Synopsis

Extreme weather events impacts US public health and US economy in general. Severe events can result in injurie, or worse fatalities. They might cause damage to property and agricultural products as well. Many severs events can results in fatalities, injuries and property damage including damage to agricultural products.

Communities, municipals and governments could take preventive measures to reduce such impact. Since it is not feasible to support such activities in every level, to use the economies of scale a national prioritization is necessary to implement thepreventive actions to the highest impacting type of events.

The U.S. National Oceanic and Atmospheric Administration’s (NOAA) storm database records major weather events in the United States including public and economic impact.This report contains the exploratory analysis results to suggest prioritization of planning preventive ativities and rapid responses to severe weather event types.

References

A. Storm Data

B. [National Weather Service Storm Data Documentation] (https://d396qusza40orc.cloudfront.net/repdata%2Fpeer2_doc%2Fpd01016005curr.pdf)

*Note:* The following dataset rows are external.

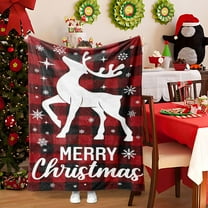Dmlowu Christmas Blanket - 59x79 inch Flannel Throw Blanket for Couch Sofa Bedroom, Fluffier Soft Christmas Throw Blanket for Holiday Party Christmas Decorations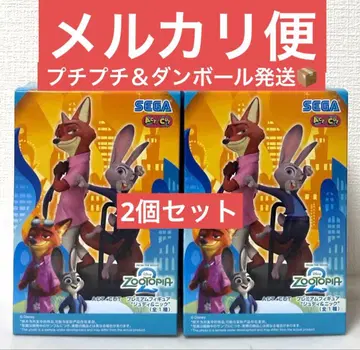 주토피아2 ACT/CUT 프리미엄 피규어 주디 & 닉 2개 세트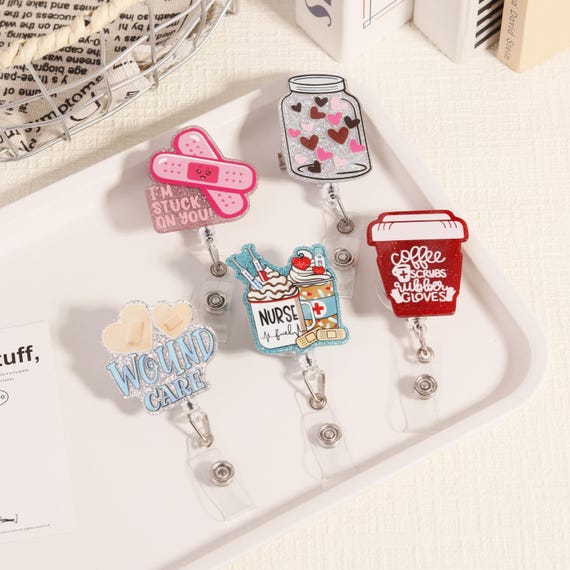 Healthcare Badge Reels Coffee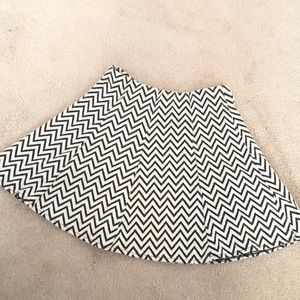 Chevron skater skirt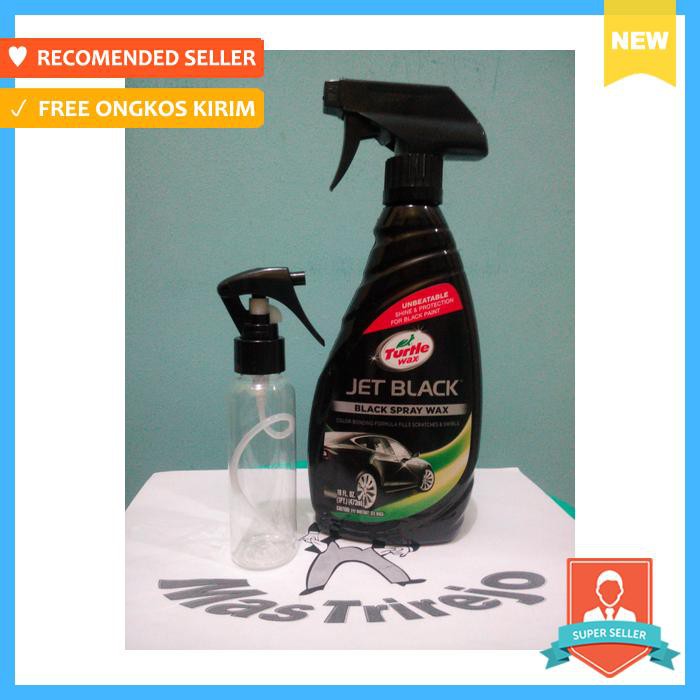 TURTLE WAX JET BLACK BLACK SPRAY WAX ( KEMASAN REPACK 94 ML )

C. [Reproducible Research Peer Assignment 2 text] (https://class.coursera.org/repdata-031/human_grading/view/courses/975144/assessments/4/submissions) ; John Hopkins Bloomberg School of Public Health

Data Processing

Getting the Data Package

The data should be available via a file named “repdata-data-stormDB.csv”. If not, a file should be downloaded from the course page and extracted.

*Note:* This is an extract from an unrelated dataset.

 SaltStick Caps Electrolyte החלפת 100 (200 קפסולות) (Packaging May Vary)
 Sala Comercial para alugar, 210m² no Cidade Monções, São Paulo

# if data file do not exist, extract it from the download
if (!file.exists("repdata-data-StormData.csv")) {
  #if download file do not exist, get it from the course sources
  if (!file.exists("repdata-data-StormData.csv.bz2")) {
    download.file(
      "https://d396qusza40orc.cloudfront.net/repdata%2Fdata%2FStormData.csv.bz2",
      "repdata-data-StormData.csv.bz2")
  }
  library(R.utils)
  bunzip2("repdata-data-StormData.csv.bz2", "repdata-data-StormData.csv", remove = FALSE)
}

Preparing the Workspace

The data is read to variable stormDB to be used in analysis tasks

stormDB <- read.csv("repdata-data-StormData.csv")

Selection of data

Referring to the end of Section Data from Reference C, “… recent years should be considered more complete”, events only after year 2000 will be used in this study. This strategy will also help with a meaningful comparison of events to each other by minimizing the population variance between decades and the major differences in the economy.

extractDate <- function (x) gsub( " .*$", "", x)
stormDB$BGN_DATE <- strptime(extractDate(stormDB$BGN_DATE), format="%m/%d/%Y")
threshHoldDate<- strptime("1/1/2000", format="%m/%d/%Y")
stormDB <- stormDB[stormDB$BGN_DATE >= threshHoldDate,]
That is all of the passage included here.